Well, not quite. After the team heads back to D.C. to celebrate, it seems Mike and Amy's ploy has backfired. The journalist hits Twitter to announce that the tears in the interview were coerced by Selina's team and ends her tweet with the hashtag #fakeveepweep. Furlong of course is furious, and it doesn't help any that he's the head of the Congressional Oversight Committee. He warns Dan and the rest of Meyer's office to prepare because he's going to look into the amendment to the McCauley bill that had elements of the Clean Jobs bill tacked on. And that's where we end off the season....rather limply.

"Veep" stretches the bounds of crediblility with "Tears." First off, no journalist (especiallly a regional one) who has snagged a live interview with Vice President would tweet afterward an accusation that the emotions expressed in their talk were fake. Not unless they were hoping never to get an interview from anyone in D.C. ever again. And Meyer's suddenly highly emotional day comes a bit out of nowhere. She's shown herself to have a steely resolve for most of the season, but now she's suddenly surprised her job is 24/7 and can be physically and mentally draining? How did she survive an election campaign? Or even all the other years she's spent at various levels of government? We're not saying that Selina needs to be inflexibly stern, but three crying jaunts in one day are astoundingly uncharacteristic. And it's a bit curious that the miscarriage -- which can be a hugely emotional trauma for many women -- isn't at all named for the source of any of this.

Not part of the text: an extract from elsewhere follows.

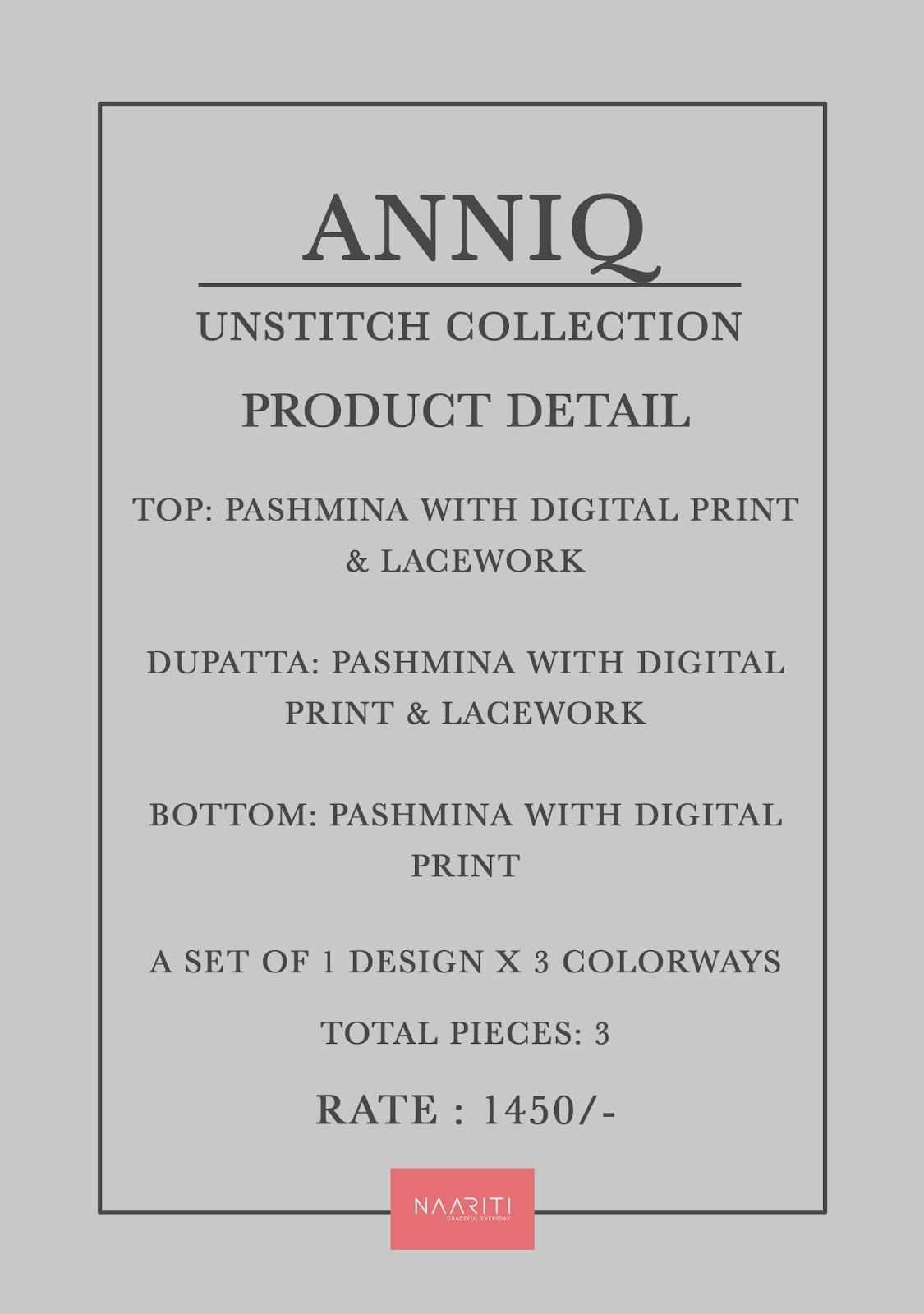 Anniq Naariti Pashmina Suits Wholesaler Ahmedabad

"Veep" closes out the season with the rather dry McCauley amendent/Clean Jobs affair still lingering. As we've mentioned before, it's one of the duller aspects of the show, with the neverending maneuvers not particularly exciting, funny or interesting. We'd wager one could watch C-Span for a week and get about the same effect. Already renewed for a second season, here's hoping "Veep" starts moving away from setting up sitcom-style scenarios and takes a stronger bite out of the political system. The good thing is the show is blessed with a fantastic cast -- everyone is hands down perfect in their roles -- but we really hope they are given a chance to bite into meatier material. Iannucci certainly has a way with one-liners -- no show except "Girls" does them better at the moment -- but the goodwill from that will only last so long. And can the President please call already?